### [Exercise brief]
Every line from the one containing "Lamp With Tree" through the end of the listing below must be given again exactly, and nothing else; exclude pictures.

%%

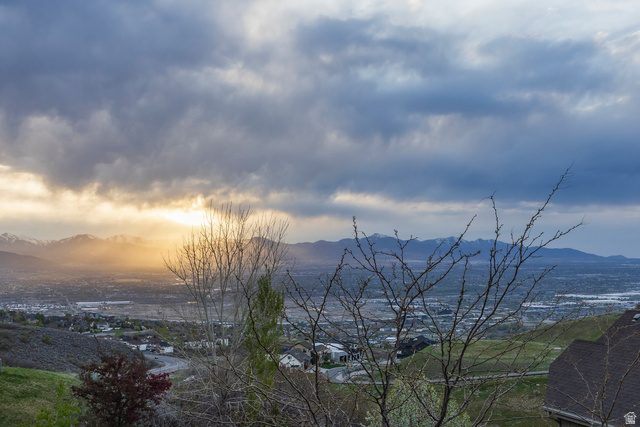 1263 East Wild Maple Court Draper, UT 84020 - Photo 8 of 66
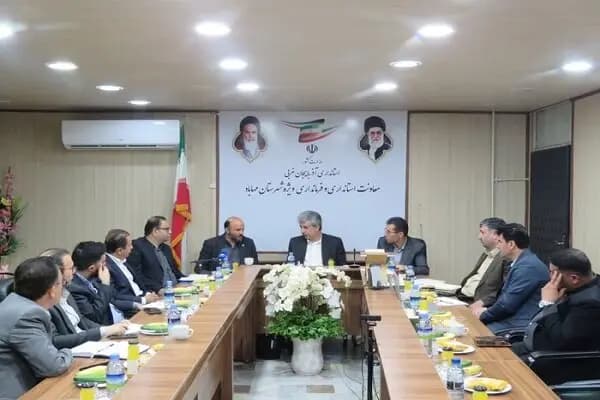 کشتارگاه صنعتی دام ایلام نیمه اول تیرماه شروع به فعالیت می‌کند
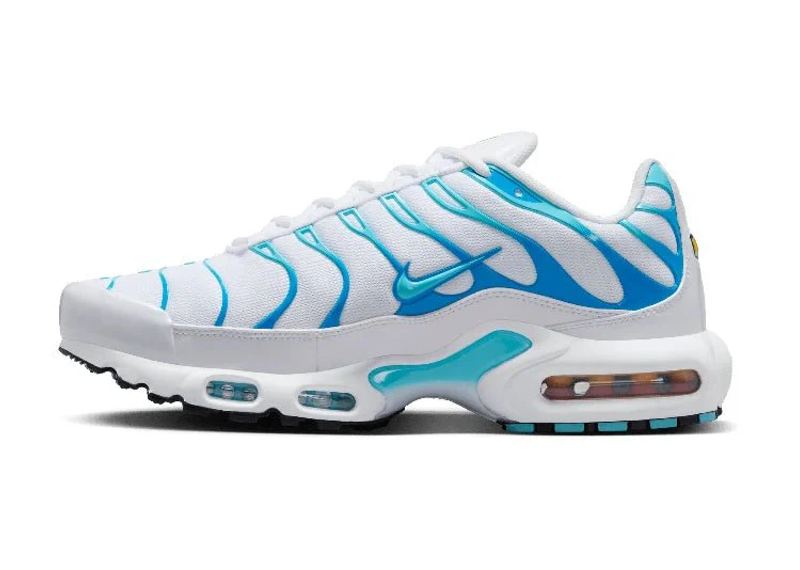 Nike Air Max Plus Polarised Blue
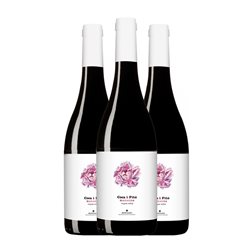 Coca i Fitó Jaspi Maragda Montsant Crianza 75 cl Vino Tinto (Caja de 3 unidades)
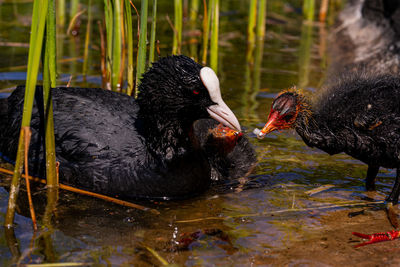 Eurasian coot fledgling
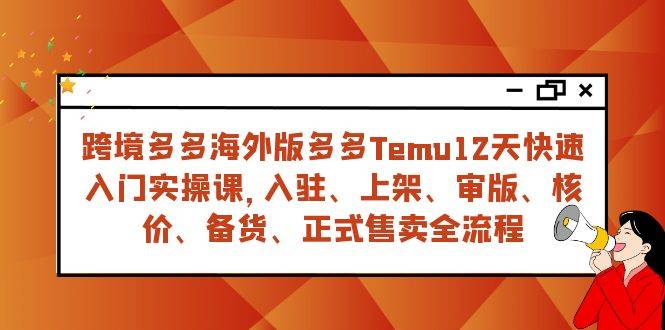 跨境多多海外版多多Temu12天快速入门实战课，从入驻 上架到正式售卖全流程-爱赚项目网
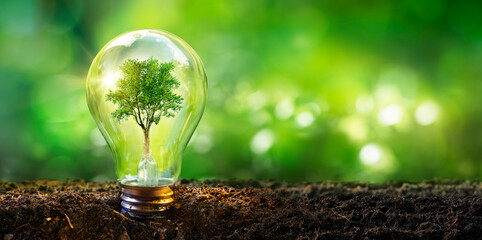 Lamp With Tree - Ecology Energy Development Concept - obrazy, fototapety, plakaty
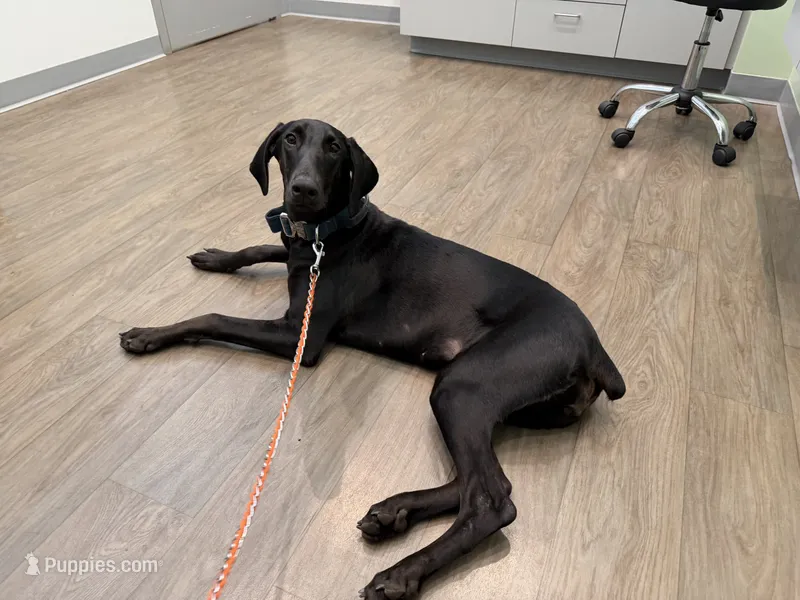 Puppy sale for Orange female – Doberman Pinscher puppy for sale in Miami Beach, FL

%%

### [Your response]
 Lamp With Tree - Ecology Energy Development Concept - obrazy, fototapety, plakaty
 Puppy sale for Orange female – Doberman Pinscher puppy for sale in Miami Beach, FL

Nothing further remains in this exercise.